◆ **STORED DATA**:
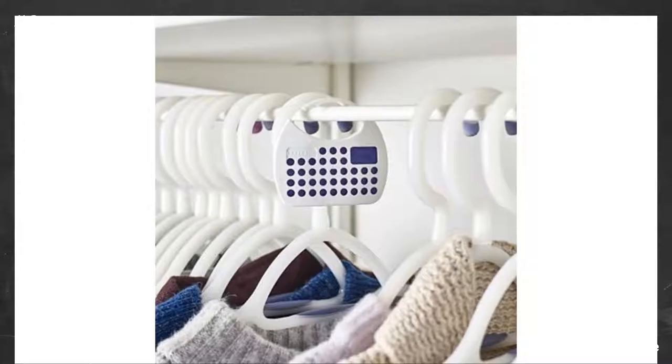My wardrobes show no sign of any moth damage, so I assume that Moth Stop is doing what it says on the carton.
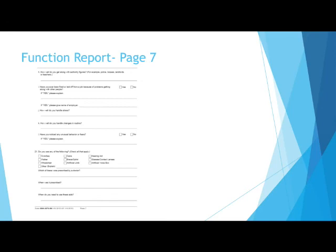Remember, you need to ask yourself if you would be able to handle stress of a 40-hour-a-week job while performing the required duties. If you would not be able to handle stress of a full-time job, you need to explain why and what diagnoses or symptoms would prevent you from doing so.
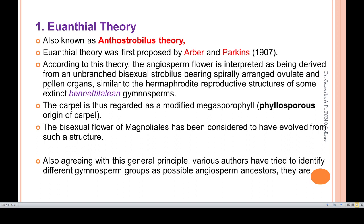This bisexual strobilus is similar in structure to the Bennettitales gymnosperm reproductive structure. Angiosperms evolved from such a structure, and the carpel is regarded as a modified megasporophyll, which is termed phyllosporous.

◆ **AIM OF THE EXERCISE**:
Keep the pictures out and transcribe the listing exactly.

◆ **ANSWER SPACE**:
My wardrobes show no sign of any moth damage, so I assume that Moth Stop is doing what it says on the carton.
Remember, you need to ask yourself if you would be able to handle stress of a 40-hour-a-week job while performing the required duties. If you would not be able to handle stress of a full-time job, you need to explain why and what diagnoses or symptoms would prevent you from doing so.
This bisexual strobilus is similar in structure to the Bennettitales gymnosperm reproductive structure. Angiosperms evolved from such a structure, and the carpel is regarded as a modified megasporophyll, which is termed phyllosporous.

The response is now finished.